MINNEAPOLIS — One walk through Regions Hospital's COVID-19 intensive care unit reveals the scope of the medical crisis emerging from a fast-spreading pandemic.
Sixteen sliding glass doors are all closed, and behind each lies a patient struggling to breathe. Almost all are on ventilators because their lungs are too weak to work on their own. Clear tubes carry oxygen into their throats and chests, which mechanically rise and fall as their bodies lie still.
On this Thursday morning, 28 COVID-19 patients are in intensive care, with 12 spilling beyond the designated unit to areas designed for heart problems, strokes and surgical recoveries. A total of 97 COVID-19 patients have been admitted to Regions, which is almost full.
Minnesota's experience with the pandemic suggests one-third of patients on ventilators won't survive, even with optimal critical care.
"When we see so many people suffer and so many people who die, that is painful for us," said Dr. Jerome Siy, head of hospital medicine for HealthPartners, which operates the St. Paul hospital.
The daily scene at Regions is playing out in ICUs across Minnesota as the coronavirus that causes COVID-19 sweeps across the state. Open ICU beds were down to single digits in some parts of Minnesota last week, when Gov. Tim Walz ordered a four-week shutdown of bars, restaurants and entertainment and fitness establishments in hopes of slowing the virus' spread to alleviate pressure on hospitals.

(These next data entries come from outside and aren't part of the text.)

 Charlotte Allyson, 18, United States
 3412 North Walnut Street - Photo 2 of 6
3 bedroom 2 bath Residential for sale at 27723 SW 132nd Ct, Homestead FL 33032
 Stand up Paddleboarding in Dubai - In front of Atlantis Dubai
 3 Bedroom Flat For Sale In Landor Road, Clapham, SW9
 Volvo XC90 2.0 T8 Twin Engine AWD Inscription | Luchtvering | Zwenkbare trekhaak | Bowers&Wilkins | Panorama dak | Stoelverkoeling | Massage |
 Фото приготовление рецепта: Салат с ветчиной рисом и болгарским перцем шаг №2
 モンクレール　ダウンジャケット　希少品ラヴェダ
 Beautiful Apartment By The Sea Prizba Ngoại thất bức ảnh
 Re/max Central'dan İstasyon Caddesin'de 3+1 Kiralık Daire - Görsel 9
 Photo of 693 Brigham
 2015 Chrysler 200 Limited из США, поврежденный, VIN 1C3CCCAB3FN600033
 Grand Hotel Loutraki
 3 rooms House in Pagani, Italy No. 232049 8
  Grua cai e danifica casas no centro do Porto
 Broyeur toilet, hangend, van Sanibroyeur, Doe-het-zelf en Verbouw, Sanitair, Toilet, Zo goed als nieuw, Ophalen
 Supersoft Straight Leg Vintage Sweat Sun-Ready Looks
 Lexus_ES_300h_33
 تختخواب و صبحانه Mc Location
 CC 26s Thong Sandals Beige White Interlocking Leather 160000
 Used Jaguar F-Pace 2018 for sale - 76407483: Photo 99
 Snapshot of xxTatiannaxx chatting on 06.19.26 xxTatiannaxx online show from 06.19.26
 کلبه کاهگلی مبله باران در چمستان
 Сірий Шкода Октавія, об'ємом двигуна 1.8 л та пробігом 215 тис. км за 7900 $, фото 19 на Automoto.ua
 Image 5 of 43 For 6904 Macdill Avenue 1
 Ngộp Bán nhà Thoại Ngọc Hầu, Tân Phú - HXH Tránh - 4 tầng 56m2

From Mercy Hospital in Coon Rapids to Rice Memorial Hospital in Willmar to Regions, ICU beds are filling as quickly as they are opening up. Statewide, 79% of available ICU beds are filled, and 26% filled with COVID-19 patients.
The state's capacity of open ICU beds has declined about one percentage point per day the past two weeks — raising the probability that some of the 408 ICU surge beds might need to be activated in unused hospital and nursing home wings.
"There's no beds anywhere," said Dr. Matthew Klee, whose ICU at Mercy is full and under pressure to take patients throughout Minnesota and western Wisconsin. "It's become like a game of chess over the entire state."
At one point this month, 30 people were in the Regions ER waiting for inpatient admission due to lack of beds.